Starting just above and just below a root, we can use Newton’s method to generate sequences of upper and lower bounds. With the comparison test we can avoid error analysis.
Sign Stability
In my current implementation, I only allow continued fraction expansions with positive terms. Thus if two successive numerators have the same sign, then all future numerators have the same sign, and similarly for the denominators. Provided that a sequence is not converging to zero (a moot point considering we cannot handle any sequence that converges to an integer; see below), we can compute terms and convergents until the signs have stabilized before feeding output to other algorithms. To simplify, once the sign is determined all negative numbers can be made positive.
Extending Our Reach
We can obtain continued fractions for expressions composed of:

integers and rationals

\(e\) and \(\pi\)

exponential functions, trigonometric functions and hyperbolic trigonometric functions and their inverses on rationals and their square roots

the four basic operations on continued fractions

square roots, and roots of quadratic equations when the coefficients are continued fractions.
There are probably reasonable ways to get at algebraic numbers, at least the ones of lower degree.
It seems little is known about what can and can’t be easily expressed with continued fractions.
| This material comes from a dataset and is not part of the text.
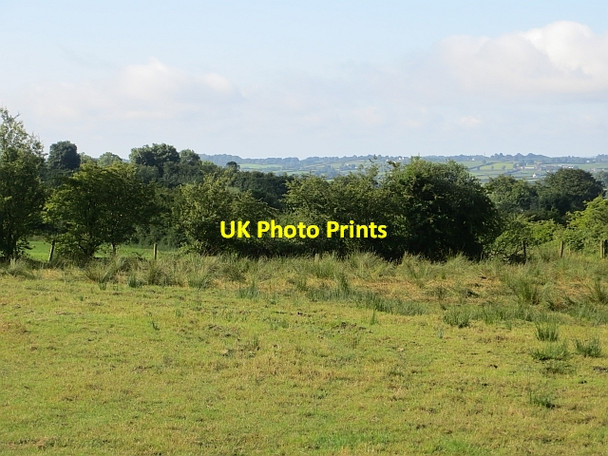 Photo 6"x4" Field off Springmount Road Clogh\/D0914 c2013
We’re lucky to have the few sequences discovered so far, but I wish it were known how to do just a shade more. In particular, for one application (computing Hilbert class polynomials), I would like to be able to express \(e^{i\pi m/n}\) and \(e^{\pi m/n}\) as a sum of real and imaginary continued fractions for integers \(m\) and \(n\). The former is algebraic so perhaps we already have the means. The latter looks unassailable.
Consder more general numerators and denominators in the convergents. For example, what happens when \(i\) or \(\sqrt{5}\) appears in the table used to compute convergents? A division and remainder method of sorts should still be available, and it might be feasible to squeeze out the integer parts by Newton’s method, to produce integer continued fraction terms. This trick probably generalizes, suggesting we may be able to derive a continued fraction for exponential, trigonometric or hyperbolic trigonometric functions applied on algebraic numbers.
The above formulas give us a series of rational functions \(p(x)/q(x)\) that are approximations of some function \(f(x)\). If \(x\) is a transcendental and we know some sequence that converges to \(x\), one natural tactic is to substitute closer and closer convergents of \(x\) into \(p(x)/q(x)\) to find its integer part and hence a continued fraction expansion for \(f(x)\). I’m guessing the costs outweight the benefits.
Converging to Integers
We have ignored a major problem with continued fractions. If we square \(\sqrt{2} = [1;2,...]\) using the quadratic algorithm, we will never be able to output the first digit, as two successive convergents always have differing integer parts.
References
I read some papers that address some of the above, and am too lazy to summarize them:

Lester, “Effective Continued Fractions”

Vuillemin, “Exact Real Computer Arithmetic with Continued Fractions”
They can be found online via Google Scholar.
AJ van der Poorten, Continued fractions of formal power series: let \(F_0, F_1, ...\) be the Fibonacci sequence. Then the continued fraction expansion of \(\sum_{i\ge 0} 2^{F_i}\) often has very large terms, each of which dwarfs the previous one. Perhaps it could be used as a benchmark for continued fraction software.